Chermoula: Estão no modo de fazer, de cortar, de mexer essa comida com carinho, atenção, de uma forma densa e forte, transmitindo energia para a comida. Essa é uma influência africana, assim como os temperos, como a pimenta e o coentro, e o colorido do prato. Também houve o surgimento de novos pratos, como o quindim, que é um doce afrobrasileiro com forte influência da culinária africana. O africano utilizava o coco de forma diferente do usado no Brasil e na Europa. Ele compreendeu que o coco ralado daquela forma específica tem consistência semelhante à farinha de amêndoas, fazendo a substituição no uso desse doce, posteriormente chamado quindim.

Como a culinária afro diaspórica contribui para a preservação da cultura e identidade africana nas diásporas?

Chermoula: Ela traz elementos, como o modo de servir em folhas, como as de bananeira; de comer o que hoje conhecemos por plantas alimentícias não convencionais (Panc), de comer vinagreira.
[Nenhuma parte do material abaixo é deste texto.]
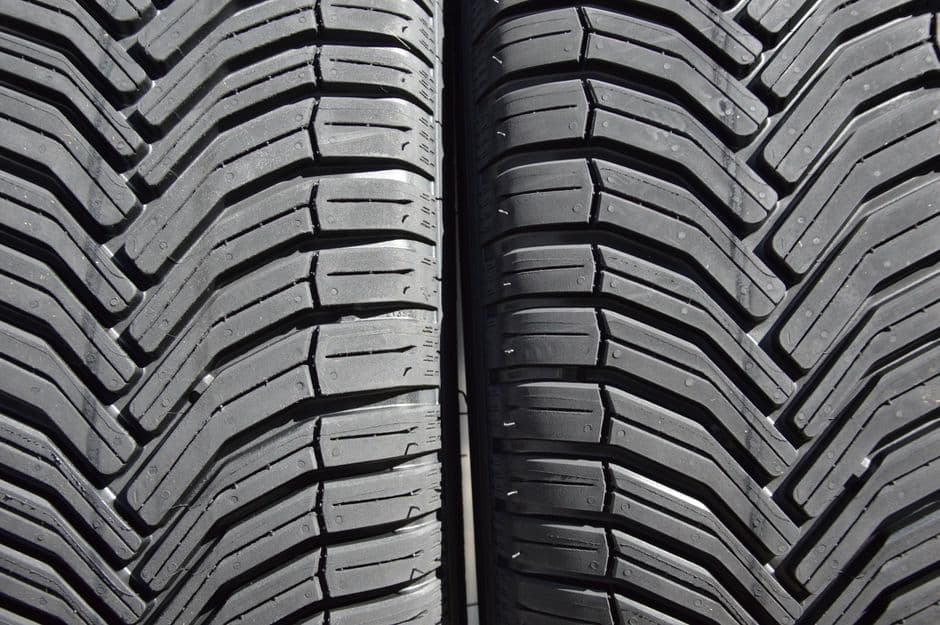 Consider Tread Design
Essas hortaliças são do tempo dos avós, que tinham ali no quintal um mato que alimentava. Também reconhece as técnicas culinárias africanas, como o uso do pilão, da pedra para ralar, na colher de pau. Contribuições que essa culinária cheia de identidade africana nos permitiu preservar.

Quais são alguns pratos emblemáticos da culinária afro diaspórica e suas histórias?

Chermoula: Além do quindim, que é um prato afrodiaspórico, delicioso e que mora em nosso coração, temos no sul dos Estados Unidos o Zambalaya, que é um arroz com especiarias, carnes e aromáticos que deriva do arroz jollof (originário do oeste africano). Tem o nosso angu, que são essas massas, essas bolas de carboidratos.  Ele é feito de fubá mimoso, mas que também tem ali uma farinha de mandioca, que é esse carboidrato misturado com água, que pode ou não ser cozido. Cito também o cuscuz, que é uma técnica culinária africana aplicada num grão, que foi trazida para o Brasil. Aqui, como em outras localidades das Américas, tornou-se uma comida mais regional. A partir dessa técnica culinária, deriva-se em outros cuscuzes afro-brasileiros: há mais de 26 tipos já catalogados no país. Para completar, temos o uso da pimenta, que é uma coisa extraordinária.

Qual a importância de ensinar crianças sobre a culinária afro diaspórica?

Chermoula: Primeiro, para promover a conexão das crianças com alimentos ancestrais africanos, falando para eles sobre a parte nutricional e da nossa história, que envolve a chegada desses alimentos aqui no Brasil. Segundo, para permitir que construam uma identidade direta com os sabores desses alimentos, também pensando no aspecto afetivo, das crianças cozinharem e comerem esses alimentos junto à família, celebrando os seus ancestrais. Elas aprendem como nossos ancestrais comiam esses alimentos, o significado e a importância deles. Eles permaneceram vivos na nossa alimentação até hoje, por conta da força e resistência dos nossos antepassados. Em resumo, o valor dessa comida não é apenas nutricional, mas também afetivo e de proximidade com a ancestralidade a partir do alimento.

Quais desafios você enfrentou em sua pesquisa sobre a culinária afro diaspórica?

Chermoula: São vários. A escassez de bibliografia, por exemplo. Geralmente, os documentos e materiais aqui encontrados são em outros idiomas. Quando se estuda a culinária do norte da África, a maioria dos materiais são em árabe e a tradução é complexa. Além disso, há a falta de estímulo para pesquisas voltadas para esses alimentos e para essa culinária africana, que é de uma cultura renegada no Brasil.

Qual a importância da culinária afrodiaspórica neste momento histórico atual?

Chermoula: É uma forma de resistência que permanece séculos viva, e elemento identitário que fortalece a autoestima. Ela evidencia a nossa força como povos descendentes de escravizados e resgata a autoestima do povo negro em uma sociedade racista. Quando a gente conhece nossa história, permite reconectar com nossa ancestralidade.  Quando a comemos, nos empoderamos.